A la chambre d’agriculture des deux Savoie, la situation est prise très au sérieux. Six fois par an, le groupe chargé des installations et des transmissions se réunit pour faire le point sur les dossiers, mais aussi pour évaluer les difficultés rencontrées par d’éventuels repreneurs. 

"Parmi les principaux freins à la reprise, il y a le foncier, estime Alexandre Moulin, vice-président de la Chambre. Dans les deux Savoie, il y a une perte de foncier chaque année et les terres coûtent plus cher que dans d’autres secteurs car nous sommes dans une région attractive. Il y a aussi le problème de la reprise des capitaux. Ces dernières décennies, on a demandé aux agriculteurs d’investir dans leurs exploitations, de s’équiper en machines ou encore de se regrouper en Gaec (Groupement agricole d'exploitation en commun, NDLR). Tous ces choix ont contribué à augmenter la valeur des parts sociales. Donc au moment de transmettre, on demande au jeune qui va reprendre de mettre beaucoup d’argent sur la table avant même de commencer à bosser. C’est une réalité".

Opération séduction

En 40 ans, le nombre d’agriculteurs a été divisé par quatre en France. Alors tout l’enjeu est de donner envie aux nouvelles générations. C'est la mission que s'est fixée Guillaume Léger, le président des Jeunes agriculteurs de Haute-Savoie.

Nous le retrouvons à Bellecombe-en-Bauges, en Savoie, où il est de passage sur l’exploitation de Charlotte Rostaingt. Avec son équipe, il a accompagné la jeune femme dans son projet de reprise.

Cette trentenaire, fille de boulanger, n'est pas issue du milieu agricole. Pas de parcelles en héritage, ni d’enfance passée à la ferme. Elle a dû se former elle-même et emprunter plus de 500 000 euros avec une associée pour acquérir et moderniser un élevage de vaches laitières.

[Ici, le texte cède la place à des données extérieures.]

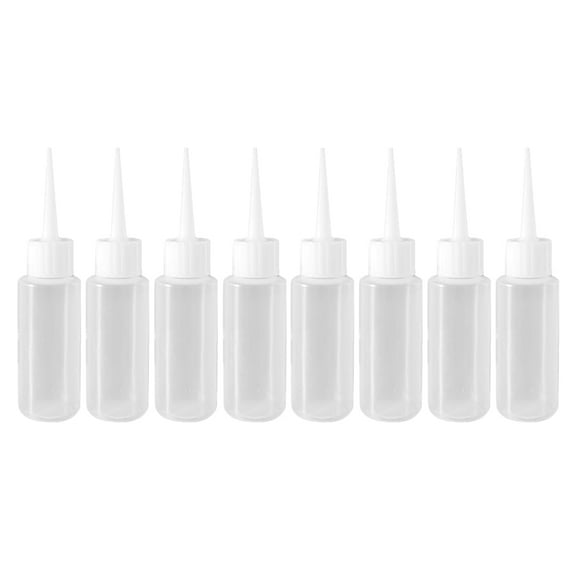 8 Pcs Dispensing Bottle Oil Dispenser Small Squeeze Bottles White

"Le but c’était de se préserver. On a fait le choix d’avoir un gros enjeu financier au départ pour avoir un train de vie correct, explique-t-elle. Notre génération, on veut vivre correctement de notre travail. Du moins, avoir du temps pour soi".

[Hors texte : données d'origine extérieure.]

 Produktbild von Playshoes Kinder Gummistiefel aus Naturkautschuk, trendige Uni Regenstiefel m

Tous les jours, je me dis que j’ai réussi mon objectif de vie

Charlotte Rostaingt

Pourtant, l’image de l’éleveur qui ne prend jamais de vacances et doit s’endetter jusqu’au cou effraie encore les plus jeunes.

Pour les rassurer, les subventions, comme la dotation Jeunes agriculteurs, sont devenues indispensables. En 2021, l’Etat a investi 167 millions d’euros pour accompagner les porteurs de projets comme Charlotte. 

"Aujourd’hui, si on enlève nos dispositifs d’accompagnement, on n’arrivera pas à renouveler la moitié des exploitations. En France, 60 % des départs en retraite sont renouvelés seulement, et ce n’est pas suffisant. L’idée, ça serait de remplacer huit exploitations sur 10 pour, à l'avenir, continuer à produire notre alimentation", explique Guillaume Léger.

"Tous les jours, je me dis que j’ai réussi mon objectif de vie", poursuit Charlotte. Un an et demi après la reprise, elle est fière d’avoir réussi dans un milieu qui lui était étranger. Preuve que malgré les contraintes, le monde agricole suscite encore des vocations.